In the week before Purim, the news from Israel of the horrific murders of the Fogel family in the West Bank community of Itamar momentarily transported me back to a visceral sense of sickly terror.  It’s been nearly three decades since I was awakened by a break-in while I was sleeping in my apartment. I was lucky – the intruder had come to steal and not harm, and he fled. But I still seize up with fear when I recall the moment when a strange man began to enter my bedroom.

 

Tragically, the evil person who entered the Fogel family home came with the most sinister intention. As they slept, the murderer brutally knifed them to death. Mother, father and three children were brutally murdered, leaving two surviving children. I can’t imagine the horror of the scene for those family members that night.

 

The expressions of unspeakable sorrow across Israel and the Jewish world were immediate and intense. The 20,000 people assembled in sympathy at their funeral gave testimony to the impact of this loss and the flood of grief that overflowed all over Israel and the Jewish world. Our hearts are filled with anguish.

 

This heart-wrenching loss was exacerbated by the fact that the murder was a political act.

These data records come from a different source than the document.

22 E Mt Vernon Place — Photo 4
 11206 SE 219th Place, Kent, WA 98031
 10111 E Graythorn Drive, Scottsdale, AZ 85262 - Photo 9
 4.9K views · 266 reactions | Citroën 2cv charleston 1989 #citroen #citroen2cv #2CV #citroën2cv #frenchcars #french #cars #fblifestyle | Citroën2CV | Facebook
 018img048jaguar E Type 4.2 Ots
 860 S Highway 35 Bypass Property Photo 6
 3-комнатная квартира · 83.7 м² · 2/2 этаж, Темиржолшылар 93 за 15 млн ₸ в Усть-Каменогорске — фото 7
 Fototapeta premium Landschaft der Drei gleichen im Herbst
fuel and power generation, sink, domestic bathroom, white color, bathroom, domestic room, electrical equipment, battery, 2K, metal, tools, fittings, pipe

Cruel violence in any circumstance is very traumatic, but this murder was meant to send a message and generate fear. This act of terrorism set off a firestorm of reaction within Israel and the Jewish world. Yet, the nature of that “message” has itself become the source of vigorous debate and disagreement within Israel and the Jewish world.

 

Some in the Right in Israel and America saw a lesson in this—that this murder was the result of the Left’s demonization of the settlers. They decried the delegitimization of the settlements in the West Bank perpetrated by the rhetoric of the Left. These voices, they claim, have created a climate that made the settlers targets. To their Palestinian adversaries, they countered with the phrase “they kill we build.”

 

The rhetoric came from the Left, as well. Some have taken this tragedy as an opportunity to drive home their view that the Israeli government’s stance regarding the West Bank and the occupied territories is poisoning the well of peace. They decry the settlements as illegal, and point to the settlers as radical, sometimes even violent, setting the stage for this type of vicious attack.

 

The recriminations flew wildly back and forth. This is very troubling to me. Here we are, a small, vulnerable people a generation away from the most evil, unspeakable violence brought upon any people, and we are ripping ourselves apart. Why is it so that we feel so weak and endangered that we turn on each other in blame?  Is this response a reflection of our most terrifying fear – that Israel’s future is at risk?  Why can’t we see that we need each other? Why can’t we support each other in our grief and in our fears?  Why are we so afraid to listen to each other’s worries and concerns?

 

In the zealousness of the Left and the Right, both sides have taken to staking out immutable positions. It’s become a morality battle.  In our pain and fear, we have demonized not only our enemies who harm us, but also our own family.  I was raised on the soothing and fulfilling words of “Am Yisrael Chai,” the “Jewish people lives!” This motto gave a newly empowered generation of Jews a sense of great possibility, courage and hope.  How can we sustain those feelings in an environment of accusations and demonization?

 

No matter how right one group may perceive their cause to be, resolution may only be attainable when they allow for the complexities to be present between them. Yitzhak Rabin understood this when he offered peace to the Palestinians after decades of violence.  A fanatical rejectionist murdered Rabin for this position. What lessons did we learn from that terrible day?  We should have learned the dangers of rhetoric that assumes absolute rightness and fails to acknowledge complexities. The danger to the Jewish people is that we will tear ourselves apart. How could a severely divided Jewish people have the capacity either to negotiate for peace or to hold the peace in the meantime? We need to foster the type of mutual respect that will strengthen us.

 

We need each other – we are family.  Let’s take a step back, draw in a deep breath and acknowledge that there is great complexity in Israel’s predicament. With mutual respect, let’s honor each other’s grief and fear. May our unity honor the memory of the righteous and blameless who have died because of cruel violence.